INSTRUCTIONS FOR THE TASK — The response should repeat word for word every line below from the one with "楽天市場】BEAVER（日用品雑貨・文房具・手芸）の通販" to the one with "19 Hazelton Avenue, Hamilton, Ontario", inclusive, and nothing else; leave pictures out.

== RECORDS FOR THE TASK ==

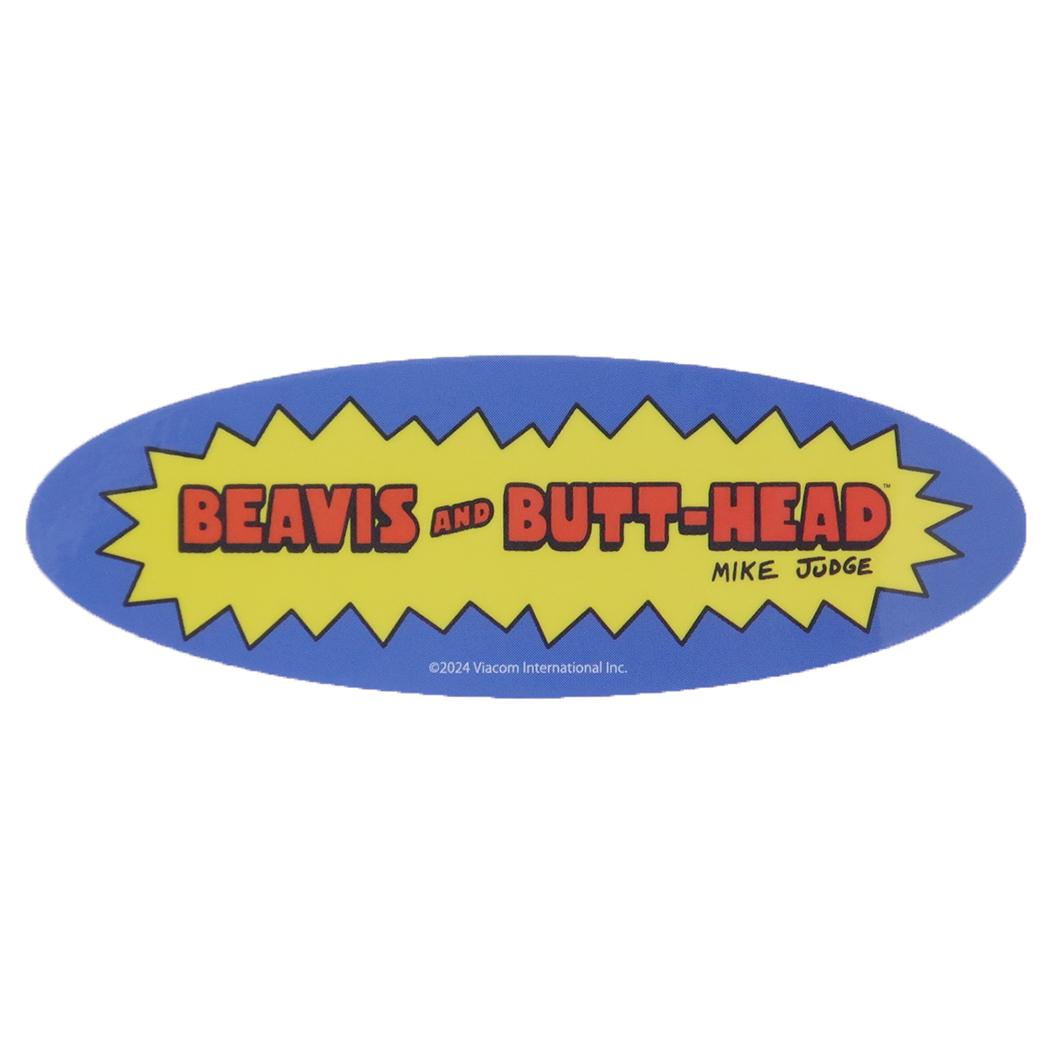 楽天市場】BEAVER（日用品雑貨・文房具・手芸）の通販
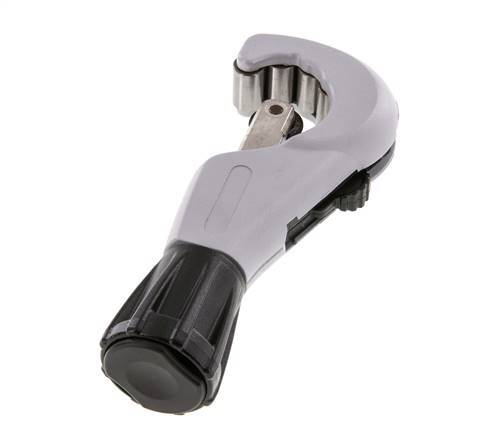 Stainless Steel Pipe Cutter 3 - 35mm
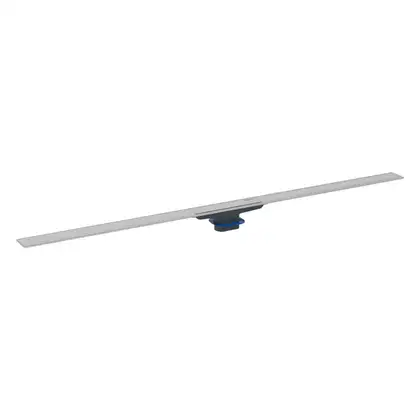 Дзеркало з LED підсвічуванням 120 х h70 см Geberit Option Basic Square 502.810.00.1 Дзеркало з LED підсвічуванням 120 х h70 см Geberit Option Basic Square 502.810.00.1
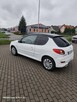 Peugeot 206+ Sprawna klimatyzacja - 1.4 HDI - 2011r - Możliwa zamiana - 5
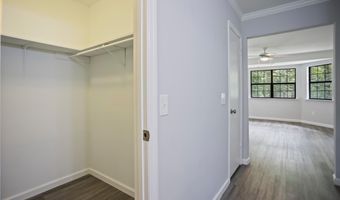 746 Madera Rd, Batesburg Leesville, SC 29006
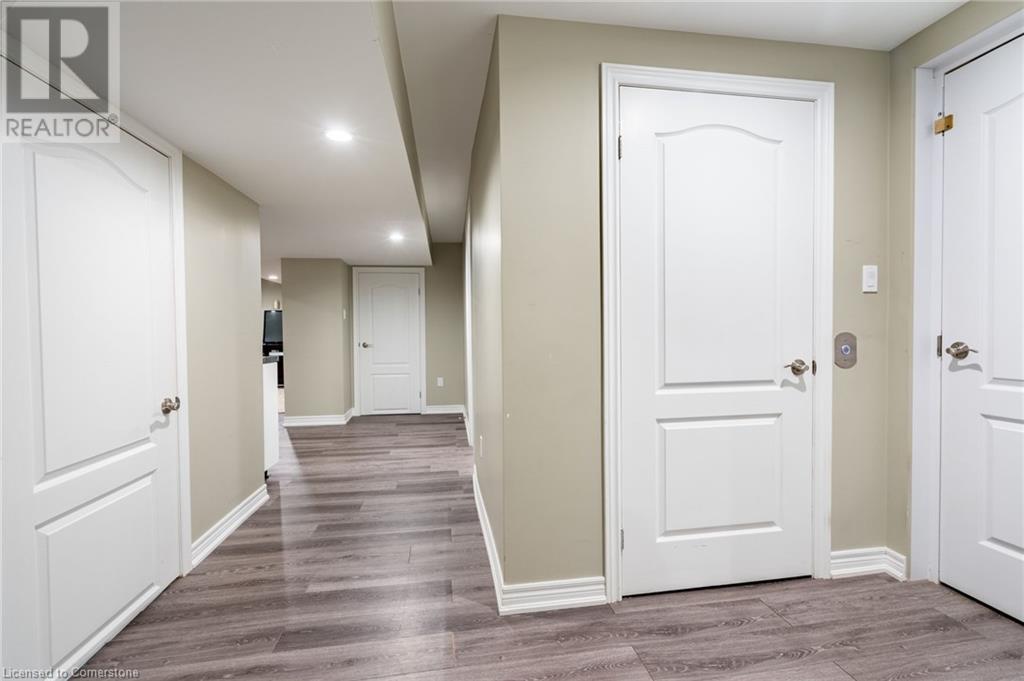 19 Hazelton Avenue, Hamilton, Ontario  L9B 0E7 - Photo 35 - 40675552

===
== RECORDS FOR THE TASK ==

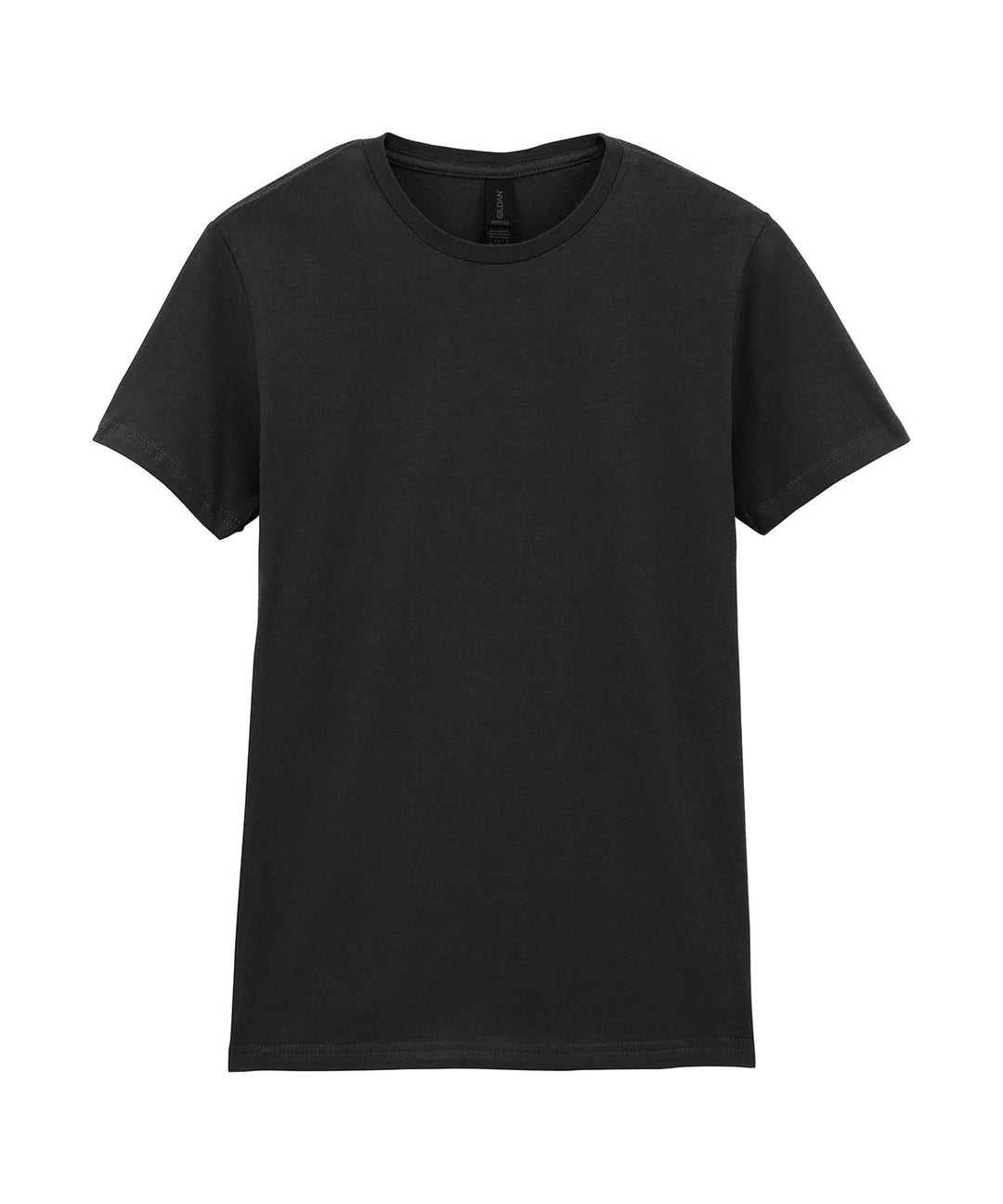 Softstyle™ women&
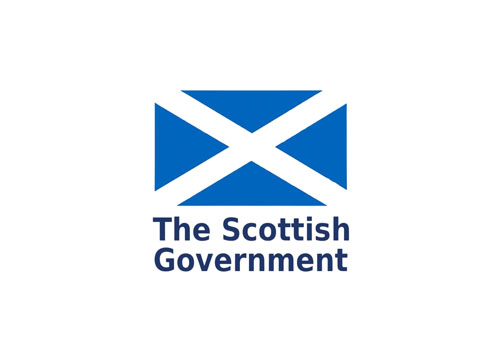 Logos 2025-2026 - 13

===

YOUR SOLUTION —
 楽天市場】BEAVER（日用品雑貨・文房具・手芸）の通販
 Stainless Steel Pipe Cutter 3 - 35mm
 Дзеркало з LED підсвічуванням 120 х h70 см Geberit Option Basic Square 502.810.00.1 Дзеркало з LED підсвічуванням 120 х h70 см Geberit Option Basic Square 502.810.00.1
 Peugeot 206+ Sprawna klimatyzacja - 1.4 HDI - 2011r - Możliwa zamiana - 5
 746 Madera Rd, Batesburg Leesville, SC 29006
 19 Hazelton Avenue, Hamilton, Ontario  L9B 0E7 - Photo 35 - 40675552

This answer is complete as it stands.